There are 4 intimately connected elements in Tai Chi: Body Movement, Body Alignment, Breathing and Mental Alignment.  If any one of these is weak or underdeveloped then your Tai Chi experience won’t fully deliver its many benefits, including freedom from pain and illness, stress reduction, loosening the joints, stretching the tendons, strengthening the muscles and increasing bone density.

  1. Body Movement:

  • The moves are done slowly and intentionally with one movement flowing effortlessly into the next.  Maintain the same pace throughout the set.

  • Step with intention, that is, be conscious of where you place your feet.  Pay particular attention to this because it is your connection to the ground.

  • Stepping forward, lift the heel and land with the heel, followed by slowly extending the toe down. Sink down slightly and shift your weight and body up over that foot and then bring the other foot forward, in next to the other foot balancing on the toe if necessary for stability.

  • Stepping backward, reverse this process; lift the toe balancing on the heel, step back landing toe first, then gently drop the heel. 

  • Stepping sideways, lift the heel and step, landing with the toe, then drop the heel.  Lift the other heel, sink shifting the weight over the weighted leg placing toe down next to that leg followed by the heel.  So…the pattern is “lift heel, move leg, plant toe then heel.“Grip” the ground with your feet settling into the “sweet spot” which is the area just in front of the heel.

  • Turn from the waist. The power generated in TC, as in the other Chinese martial arts (Xingyi and Pa Kwa), or “Chi”, is propagated through circular coiling and uncoiling motions originating from the waist or core, also known as the “Dantien”.

2.  Body Alignment:

  • Keep your body upright, head up, chin in and your back vertical.  Imagine that your torso is held up by a flexible “silk” thread from the sky. 

  • Relax your shoulders, arms, hands, joints and eyes. Center your weight evenly over your torso with your legs slightly bent, feet shoulder length feet apart.

  • Pelvis is tucked in. Arms are slightly bent at the elbows and fingers are slightly flexed.  Knees are slightly bent with the feet aligned parallel to the knees so as not to be pronated or off center. 

  • Relax, but not completely (note: Some yin is always present in yang and visa versa; there is no pure yin and yang). Relaxation in tai chi means balanced, not soft.

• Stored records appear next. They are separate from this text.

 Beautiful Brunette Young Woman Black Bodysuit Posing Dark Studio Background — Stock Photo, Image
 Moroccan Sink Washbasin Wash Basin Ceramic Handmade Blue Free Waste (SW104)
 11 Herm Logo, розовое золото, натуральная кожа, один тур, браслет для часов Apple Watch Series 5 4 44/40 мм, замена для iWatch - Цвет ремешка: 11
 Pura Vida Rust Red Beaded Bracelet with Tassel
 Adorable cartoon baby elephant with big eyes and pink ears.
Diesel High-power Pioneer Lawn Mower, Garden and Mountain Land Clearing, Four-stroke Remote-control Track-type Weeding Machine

  • The tongue rests lightly on the roof of the mouth (acupuncture point).

3.  Breath:

  • Be conscious of your breathing.  Breathe naturally from your belly, in and out. 
  • Breathe in during coiling or retreating motions and breathe out during uncoiling or advancing motions.
  • Try not to breathe too quickly or hold your breath.  Match your breath to the pace of your movements.

4.  Mental Alignment:

  • Look into the distance.  Avoid looking down at your feet or focusing on nearby objects.  This is referred to as “eagle vision”; bringing your surroundings into your awareness without focusing (“getting stuck”) on any one thing.
  • Eyes generally follow hand movements, right to left or left to right but never up and down.
  • Reflect on the fundamental Yin and Yang principles of “change”; soft flowing into hard, neutral into charged, uncoiled into coiled.

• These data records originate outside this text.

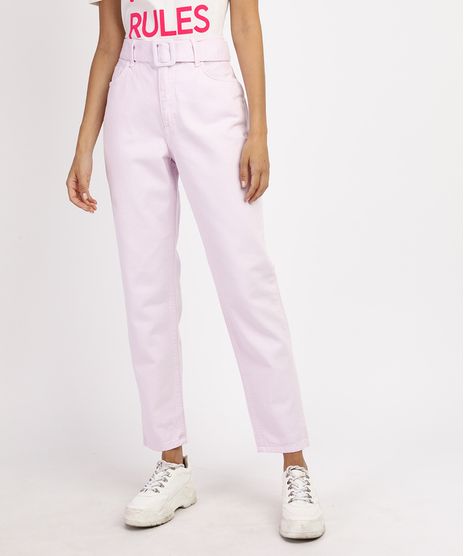 Calca-de-Sarja-Feminina-Mom-Cintura-Super-Alta-com-Cinto-Lilas-9963954-Lilas_1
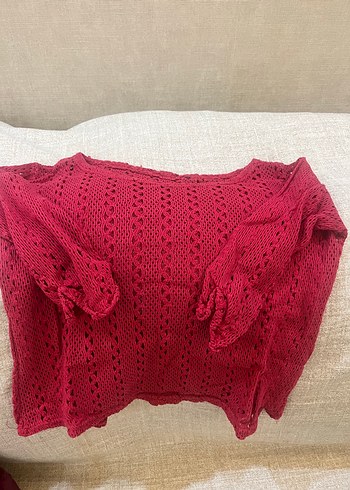 Kırmızı Bohem Örgü Triko Kazak - Görsel 7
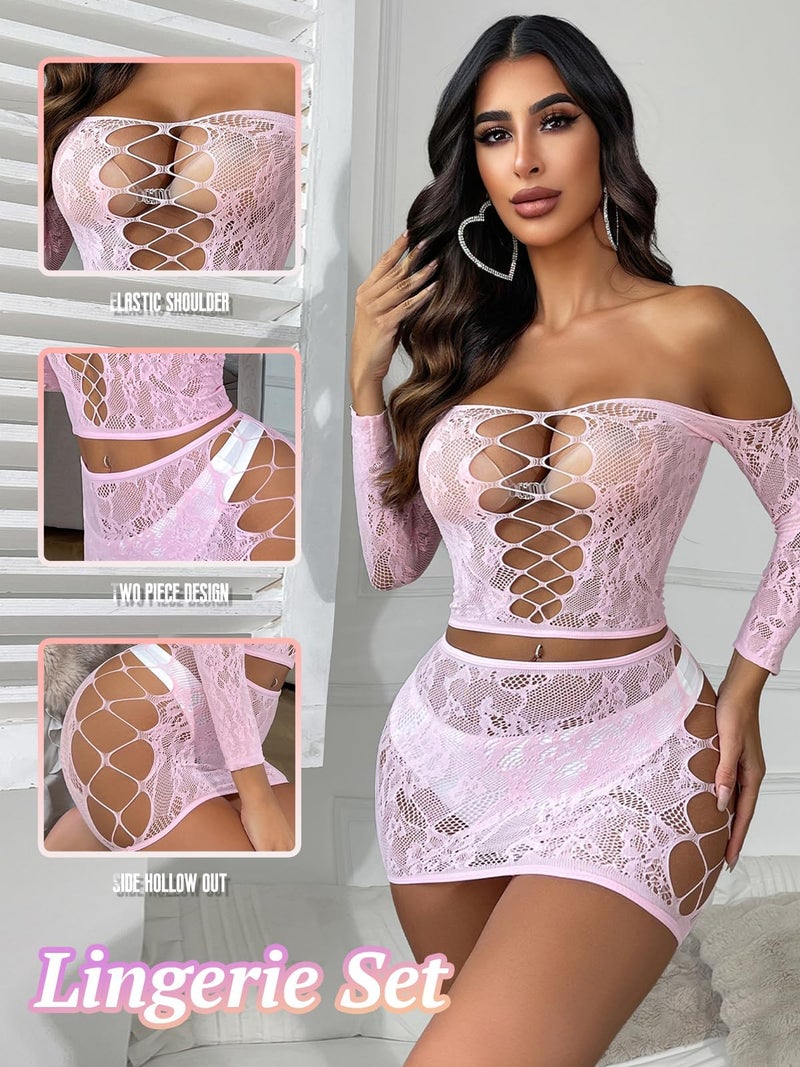 GirlFriend Lingerie for Women Lovely Deep V Neck Teddy Babydoll Mesh Nightwear for Women Mesh Badydoll Fishnets Dresses See Through Lingerie Chemise Outfits One Piece Pink - Image 2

  • Clear your mind of all thoughts. Be present and “in the moment”.  If you have a thought, gently let it go.  You are attempting to align your mind with your body and so thoughts are a distraction.

  • Imagine you are pushing or pulling against a slight resistance as if you are moving in a swimming pool. This “isometric” quality of TC done in an upright position with the ​knees slightly bent is the key to increasing strength and bone mass.